American neurologist and psychiatrist

Pearce Bailey (July 12, 1865 – 1922) was an American neurologist and psychiatrist. Bailey was born July 12, 1865, in New York City to William E. Bailey and Harriet B. Pearce. He received a Bachelor of Arts degree from Princeton University in 1886 and a Master of Arts degree from Columbia University in 1889. He became a consultant in several New York hospitals and with Joseph Collins, Charles Elsberg, and Joseph Fraenkel, founded the Neurological Institute of New York. He was assistant in pathology at Columbia University from 1895 to 1897 and was appointed assistant in neurology in 1892. On the entry of the United States into World War I, he was appointed chief of the division of neurology and psychiatry in the United States army with the rank of colonel.
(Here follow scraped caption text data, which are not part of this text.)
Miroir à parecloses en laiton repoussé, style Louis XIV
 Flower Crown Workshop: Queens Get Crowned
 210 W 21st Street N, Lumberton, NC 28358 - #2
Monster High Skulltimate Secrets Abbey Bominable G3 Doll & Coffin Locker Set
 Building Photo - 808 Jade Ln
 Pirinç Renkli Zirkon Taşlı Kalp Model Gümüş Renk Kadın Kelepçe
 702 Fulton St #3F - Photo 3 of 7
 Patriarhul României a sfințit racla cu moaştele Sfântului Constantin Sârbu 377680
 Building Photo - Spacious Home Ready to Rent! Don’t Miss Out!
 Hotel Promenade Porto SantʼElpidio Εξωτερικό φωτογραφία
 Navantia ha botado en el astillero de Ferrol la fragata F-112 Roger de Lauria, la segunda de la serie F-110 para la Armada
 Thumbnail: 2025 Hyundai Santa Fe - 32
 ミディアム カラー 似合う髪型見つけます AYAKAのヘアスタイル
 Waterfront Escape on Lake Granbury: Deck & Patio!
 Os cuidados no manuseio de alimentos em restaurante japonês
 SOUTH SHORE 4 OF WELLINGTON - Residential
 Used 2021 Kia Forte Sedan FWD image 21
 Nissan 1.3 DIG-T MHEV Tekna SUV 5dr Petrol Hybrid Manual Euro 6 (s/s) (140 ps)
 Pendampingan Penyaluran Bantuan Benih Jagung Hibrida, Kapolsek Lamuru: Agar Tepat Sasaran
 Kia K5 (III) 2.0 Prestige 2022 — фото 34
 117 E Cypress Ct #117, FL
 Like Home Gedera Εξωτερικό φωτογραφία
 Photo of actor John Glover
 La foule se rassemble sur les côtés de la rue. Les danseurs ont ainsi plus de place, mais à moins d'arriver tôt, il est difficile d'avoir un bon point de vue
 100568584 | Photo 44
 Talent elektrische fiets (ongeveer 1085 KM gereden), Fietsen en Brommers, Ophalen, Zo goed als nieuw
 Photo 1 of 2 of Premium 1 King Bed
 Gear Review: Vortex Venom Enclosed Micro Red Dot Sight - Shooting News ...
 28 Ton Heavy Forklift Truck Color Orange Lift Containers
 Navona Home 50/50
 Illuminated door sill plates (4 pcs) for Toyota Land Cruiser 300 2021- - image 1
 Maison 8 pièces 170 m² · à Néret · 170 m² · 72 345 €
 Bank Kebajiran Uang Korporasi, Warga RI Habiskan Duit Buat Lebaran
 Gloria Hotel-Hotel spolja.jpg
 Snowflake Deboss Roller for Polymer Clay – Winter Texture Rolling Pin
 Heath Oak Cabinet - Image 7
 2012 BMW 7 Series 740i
He perfected a system for weeding out "mental defectives" which is said to have been used as a model by the Allies. His major literary efforts comprised a translation of Golobievski's Atlas and Epitome of Diseases Caused by Accident (1900) and a monograph Accident and Injury; Relation to the Nervous System (1906), which was later expanded into Diseases of the Nervous System Resulting from Accident and Injury, a valuable work for the medical world. At the time of his death, Bailey was chairman of the New York State Committee for Mental Defectives.